Put Operation: Update or Insert with Eviction
The put operation branches on whether the key already exists. If the key is in key_to_node, update its value and call the same frequency-increment logic as get — remove from the current bucket, increment frequency, add to the new bucket, update minFreq if the old bucket is now empty. The key count does not change, so no eviction is needed.
If the key is new and the cache is at capacity, evict before inserting. Eviction removes the head's next node from the minFreq bucket — the least recently used node at the minimum frequency. Remove it from the bucket's doubly linked list, delete its entries from key_to_node and key_to_freq, and if the bucket is now empty, remove it from freq_to_list.
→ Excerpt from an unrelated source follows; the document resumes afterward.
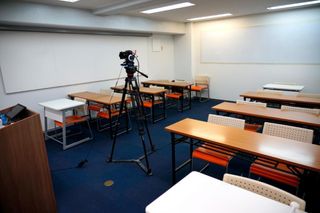 あおい予備校 文京巣鴨校8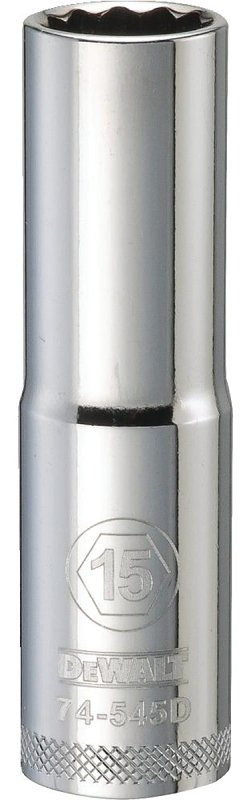Alternate view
You do not need to update minFreq here because the next step always sets minFreq to 1.
After eviction (or if capacity was not reached), insert the new key with frequency 1. Create a new node, add it to freq_to_list[1] at the tail, store it in key_to_node, and set key_to_freq[key] = 1. Finally, set minFreq = 1. New keys always start at frequency 1, so after any put of a new key, minFreq is always 1 — regardless of what minFreq was before.
- 1If key exists: update value, call increment_freq(key), return (no eviction needed)
- 2If key is new and size == capacity: evict head.next of freq_to_list[minFreq]
- 3Remove evicted node from key_to_node and key_to_freq; remove empty bucket from freq_to_list
- 4Create new node with freq=1; add to tail of freq_to_list[1] (create bucket if needed)
- 5Store in key_to_node and key_to_freq; set minFreq = 1
- 6Increment current size if a new key was added (not an update)
Code Walkthrough — Python and Java
Python implementation uses collections.defaultdict for freq_to_list (defaulting to a deque or custom DLinkedList) and plain dicts for key_to_node and key_to_freq. The Node class holds key, val, and freq. The DLinkedList class has sentinel head and tail nodes, an add_to_tail method that appends before the tail, a remove method that unlinks a node in O(1), and a pop_head method that removes and returns the node after head. The LFUCache class initializes capacity, size=0, minFreq=0, and the three maps.
Java implementation mirrors Python closely. Use HashMap<Integer, Node> for key_to_node and key_to_freq, and HashMap<Integer, LinkedHashSet<Integer>> or a custom DLinkedList for freq_to_list. LinkedHashSet preserves insertion order (LRU within a bucket) and supports O(1) add, remove, and peek at the first element for eviction. The increment_freq helper is extracted as a private method called by both get and put to avoid code duplication.
The increment_freq helper in both languages: (1) get current freq f from key_to_freq; (2) remove the node from freq_to_list[f]; (3) if freq_to_list[f] is empty and f == minFreq, increment minFreq; (4) increment the node's freq to f+1; (5) add node to tail of freq_to_list[f+1]; (6) update key_to_freq[key] = f+1. This helper encapsulates all frequency movement logic and is called in O(1).
Forgetting to Reset minFreq to 1 on New Insert Is the Most Common Bug
After inserting a new key with frequency 1, you must set minFreq = 1 unconditionally. A common mistake is skipping this reset when the cache is not at capacity, or trying to compute the new minFreq by comparing the old minFreq with 1. Since new keys always have frequency 1, and frequency 1 is always the minimum possible, the reset is always correct. Failing to reset minFreq causes the eviction logic to target the wrong bucket and silently corrupt the cache state.